Let's say I have a struct with 20 fields, all 19 but 1 fields implemented Default, thus I can't derive Default for my struct. Then When I instantiate my struct, I can't do the following: let x = MyStruct { mandatoryfields: 1, ... Default::default() }

Can we have a special default syntax: AutoDefault? I mean, I don't have to derive Default for my struct. But I can still say:

let x = MyStruct { mandatoryfields: 1, ... AutoDefault() }

Which will supply all the missing fields with its default value. If any missing fields does not implement Default, we got compiler error.

How do you guys think?


Yes, I think something like this has been suggested before, perhaps in concert with Pre-RFC: User-provided default field values. Though I think the syntax should probably be just MyStruct { mandatoryfields: 1, .. } or similar (as there's no AutoDefault() method you could write manually to emulate this.) Also, there was some recent discussion on Zulip regarding how Bevy specifically is struggling with poor ergonomics around defaults.

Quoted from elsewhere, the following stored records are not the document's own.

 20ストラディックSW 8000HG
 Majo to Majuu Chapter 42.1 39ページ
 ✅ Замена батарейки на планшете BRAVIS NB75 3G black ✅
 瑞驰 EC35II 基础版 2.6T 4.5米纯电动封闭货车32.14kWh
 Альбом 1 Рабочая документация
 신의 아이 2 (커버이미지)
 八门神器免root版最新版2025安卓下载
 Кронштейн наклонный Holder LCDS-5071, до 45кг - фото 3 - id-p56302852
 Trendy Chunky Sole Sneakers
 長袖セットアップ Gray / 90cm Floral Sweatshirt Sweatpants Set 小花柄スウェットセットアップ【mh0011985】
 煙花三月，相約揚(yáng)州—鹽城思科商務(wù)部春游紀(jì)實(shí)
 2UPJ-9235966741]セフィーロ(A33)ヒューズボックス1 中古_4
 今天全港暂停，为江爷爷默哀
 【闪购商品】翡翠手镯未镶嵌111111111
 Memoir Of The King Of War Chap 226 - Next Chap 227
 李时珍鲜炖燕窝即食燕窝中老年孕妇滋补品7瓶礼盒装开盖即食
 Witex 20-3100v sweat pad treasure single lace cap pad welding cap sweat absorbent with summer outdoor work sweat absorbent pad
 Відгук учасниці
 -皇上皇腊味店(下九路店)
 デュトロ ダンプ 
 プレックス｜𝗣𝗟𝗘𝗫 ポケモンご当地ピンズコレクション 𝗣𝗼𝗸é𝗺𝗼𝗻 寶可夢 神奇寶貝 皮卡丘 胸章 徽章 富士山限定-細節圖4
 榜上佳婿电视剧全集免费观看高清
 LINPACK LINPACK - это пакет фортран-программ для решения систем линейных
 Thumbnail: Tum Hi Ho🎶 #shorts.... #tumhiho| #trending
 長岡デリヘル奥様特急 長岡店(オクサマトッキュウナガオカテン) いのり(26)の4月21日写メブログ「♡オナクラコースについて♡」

For what it's worth, I still do intend on revisiting that RFC eventually. It's far from a priority, though.


I was googling this very question and stumbled across this! I'm glad there is an RFC in place! :slight_smile:

I really like @Jules-Bertholet idea for a simple:

MyStruct { mandatoryfields: 1, .. }

Obligatory link to what I'm still hoping we do:


I would say we should boost the priority of this. Not that it's too important, but it's simple, and easy and safe to implement. And helps a lot of beginners. As usually beginners will start wondering why it's so difficult to construct a struct with defaults compare to other languages.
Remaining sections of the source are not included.